THRILLER UK English #INTHELANDOFSAINTSANDSINNERS
Starring Liam Neeson, Ciarian Hinds
It’s the mid-70s and in a quiet corner of Northern Ireland, Finbar (Liam Neeson) is working toward retirement as a gun for hire. Not that that villagers he lives with know this. To them, including local copper and best friend Ciarian Hinds, he’s an unassuming guy living a quiet life. That’s until a small cell from the IRA choose to hide out in his village after a bombing goes wrong - children were killed. Although Finbar is trying to earn redemption after a lifetime of crime, fate has other plans.
So yes, this is yet another ‘Liam Neeson plays a killer trying not to kill but doing a very poor job of it’ film. The kind in which he works hard to be a good guy yet bad guys won’t let him and so he grunts and growls his way through a rising body count. While dressed as a ‘film about the troubles’, particularly in a more rewarding first half, IN THE LAND OF SAINTS AND SINNERS ultimately sticks, for better or worse, to the Neeson formula.
Thus Finbar tries to manage the threat from the cell’s hard-headed leader (Kerry Condon) and he’s aided in his work by psychotic Kevin (GAME OF THRONE’S Jack Joffrey Gleeson, another actor not straying far from expectation). Kevin’s a gleeful new assassin on the block who trades tips with a reluctant mentor. While he’s talking kills, Finbar is talking America in the hope of turning the lad toward a new start on the straight and narrow. You see, he may be a murderer but his heart is in the right place.

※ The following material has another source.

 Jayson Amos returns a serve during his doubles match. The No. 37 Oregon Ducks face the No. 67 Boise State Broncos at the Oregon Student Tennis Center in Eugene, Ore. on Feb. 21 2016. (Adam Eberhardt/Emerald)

You can only take this kind of yarn so far before it becomes ridiculous and when that starts to happen, you shoot up the set. Director Robert Lorenz (THE MARKSMAN) meets expectation, forcing logic into the back seat for the rest of the film while distracting action takes the front seat. Nonsense yes, but then this is a ‘Liam Neeson plays a killer trying not to kill but doing a very poor job of it’ film. You wouldn’t expect much more, would you?